UWAGA!

Warto rozmawiać o drogach, również tych wodnych

 Elbląg, Elbląska przystań przy ul. Radomskiej to jeden z przykładów samorządowych starań o rewitalizację dróg wodnych
Elbląska przystań przy ul. Radomskiej to jeden z przykładów samorządowych starań o rewitalizację dróg wodnych (fot. arch.

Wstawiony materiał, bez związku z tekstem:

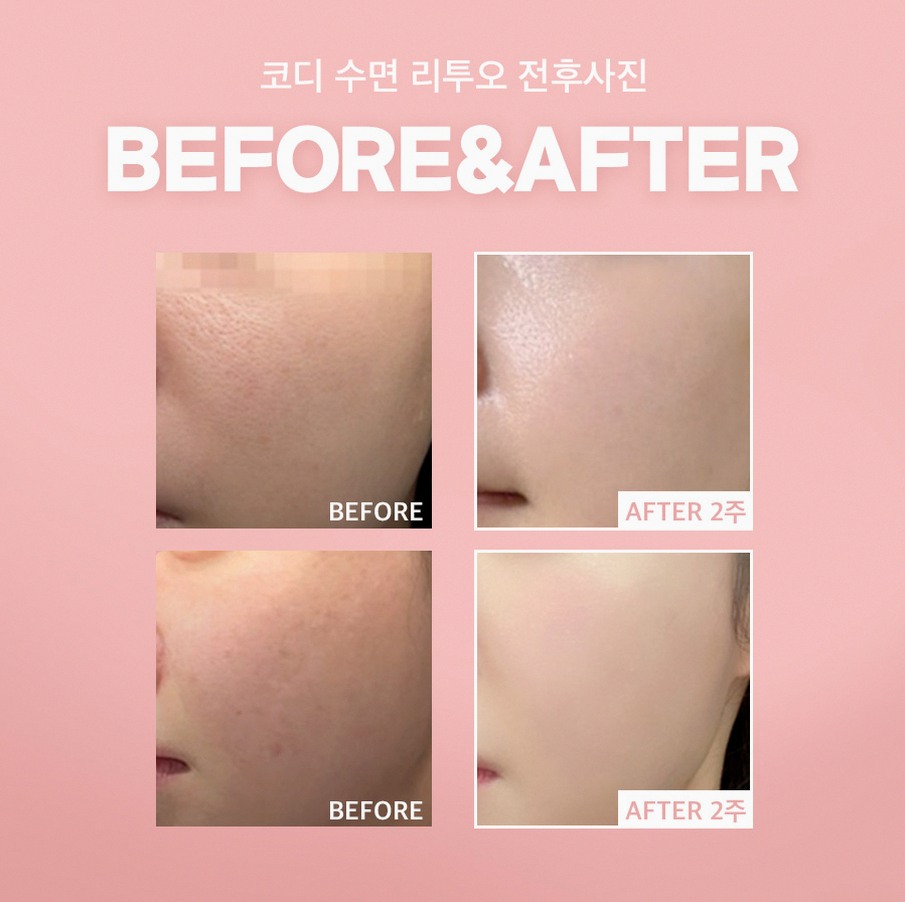 본문 내용을 보조하는 이미지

AD)

 Mam nadzieję, że Sejmik ten będzie w stanie generować różne projekty, będzie lokował swoich przedstawicieli przy różnych inicjatywach, a także przygotowywał różnego rodzaju dokumentacje strategiczne czy programowe dotyczące polskich dróg wodnych – mówił Jerzy Wcisła, dyrektor Biura Regionalnego Urzędu Marszałkowskiego w Elblągu, podczas dzisiejszego (10 lipca) dnia pierwszego Sejmiku Żeglugi Śródlądowej.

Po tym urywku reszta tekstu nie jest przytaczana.